Y, a escasos pasos del mercado, bajo la sombra del viaducto de Alfonso Molina, late también otra pieza del corazón del barrio: la Fuente de las Pajaritas. Construida en los primeros setenta y firmada por Antonio Tenreiro Brochón, arquitecto, pintor y coruñés hasta la médula, es puro hormigón y geometría. Nació cuando Elviña empezaba a sacudirse el polvo de los caminos de tierra, con formas abstractas que parecían querer volar. Su nombre lo dictaron las pajaritas de hormigón que decoran su perímetro, aves detenidas en pleno vuelo, con picos, alas y pliegues marcados en líneas rectas. En su centro, un surtidor lanza agua al aire, sumando rumor y frescor a la plaza.

La anécdota cuenta que en su inauguración los bomberos la llenaron a manguerazos porque no había ni tuberías. Durante más de veinte años fue una pieza muda, sin agua, una escultura seca. Incluso hubo quien quiso derribarla por "anticuada", pero el barrio se revolvió y la defendió como se defiende lo propio. En 1996, al fin, se instalaron las canalizaciones y la fuente empezó a brotar de verdad. Desde entonces, es punto de encuentro, orgullo vecinal y testigo callado de las idas y venidas del mercado, de los saludos a la carnicera y de los paseos lentos de los jubilados. Porque la Fuente de las Pajaritas es, como Elviña, geometría y memoria, hormigón y vida.

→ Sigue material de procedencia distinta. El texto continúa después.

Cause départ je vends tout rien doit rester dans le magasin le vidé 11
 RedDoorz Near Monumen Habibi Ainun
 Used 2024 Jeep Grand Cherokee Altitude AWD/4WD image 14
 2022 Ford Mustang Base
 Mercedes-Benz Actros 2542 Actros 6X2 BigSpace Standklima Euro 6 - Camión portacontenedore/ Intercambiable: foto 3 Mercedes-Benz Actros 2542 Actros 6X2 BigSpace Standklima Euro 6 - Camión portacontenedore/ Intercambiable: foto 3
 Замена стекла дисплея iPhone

Por las calles de la primera fase se levantaron también los colegios. El IES Elviña, con su fachada mirando a las torres del campus, donde chavales han soñado con ser futbolistas, abogados o poetas. Donde se han escrito los primeros “te quiero” en papeles doblados en cuatro. Más abajo, el Salvador de Madariaga, donde los adolescentes ensayan rebeldías y fuman a escondidas. Y el José Cornide Saavedra, donde los niños aprenden a leer y a sumar sin saber que están construyendo su futuro. O la Escuela Infantil de Elviña, donde las maestras pintan arcoíris sobre las manos de niños que aún huelen a colonia.

Pero mientras la primera fase se consolidaba, llegó la segunda. Y con ella, las lomas. El valle dejaba de ser plano y se alzaba hacia Monte Mero. Cano Lasso volvió, decidido a no torcer su idea: seguir el terreno, no luchar contra él. Aquí ya no pudo hacer líneas rectas. El barrio empezó a retorcerse siguiendo las curvas de nivel. Nacieron torres más altas, bloques más verticales, porque la pendiente mandaba. Las calles se volvieron serpenteantes, los espacios públicos se multiplicaron en terrazas y rampas. Se diseñaron nuevas supermanzanas, se planeó un barrio-parque donde la arquitectura abrazara a la naturaleza. Quiso fundir ciudad y paisaje. Pero no todo llegó a construirse. Parte quedó en planos, en maquetas, en el cajón de la historia.

Y, sobre todo, están los bares de siempre. El Noche y Día, donde el camarero sabe tu nombre aunque haga veinte años que no entras. El Ana Kiro, donde el recuerdo de la cantante se mezcla con el olor a caldo y conversación. El Mesón O’Recuncho, donde los chipirones encebollados son tan importantes como las noticias del día. Y el Ambigú d’Elviña, antes Relámpago, donde la tortilla es un himno local.

Hoy, Elviña sigue en pie. Los niños de los sesenta tienen canas y recuerdan cuando Alfonso Molina era casi campo. Algunos se fueron. Otros siguen aquí, saludando al carnicero del mercado, tomando vino en el Noche y Día, contando que antes esto era huerta. Porque Elviña no es solo ladrillo ni geometría. Es sueños, carne y memoria. Es tortilla, pupitre y vino. Es el lugar donde la arquitectura quiso escribir paisaje y donde la vida decidió contar historias. Y aquí siguen todas, guardadas entre los ladrillos rojos y el viento que todavía sopla entre los bloques.